_What this task involves_
A verbatim reproduction of the lines below, from the line containing "Mother and Son Blowing Colorful Soap Bubbles" through the line containing "Image of Young", both ends included, is the whole required output.

_Source information_

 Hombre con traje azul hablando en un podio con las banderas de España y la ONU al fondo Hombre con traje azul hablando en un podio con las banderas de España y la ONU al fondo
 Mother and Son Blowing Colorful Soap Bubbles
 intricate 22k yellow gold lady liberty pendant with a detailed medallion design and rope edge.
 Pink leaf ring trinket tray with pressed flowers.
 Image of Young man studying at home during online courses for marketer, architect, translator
==
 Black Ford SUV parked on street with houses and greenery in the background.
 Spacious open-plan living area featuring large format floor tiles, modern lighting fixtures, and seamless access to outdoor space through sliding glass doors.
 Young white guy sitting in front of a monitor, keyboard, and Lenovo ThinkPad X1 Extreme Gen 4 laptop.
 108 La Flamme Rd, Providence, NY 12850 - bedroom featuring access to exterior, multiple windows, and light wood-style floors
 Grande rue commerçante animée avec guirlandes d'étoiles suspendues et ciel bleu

_Task response_
 Mother and Son Blowing Colorful Soap Bubbles
 intricate 22k yellow gold lady liberty pendant with a detailed medallion design and rope edge.
 Pink leaf ring trinket tray with pressed flowers.
 Image of Young man studying at home during online courses for marketer, architect, translator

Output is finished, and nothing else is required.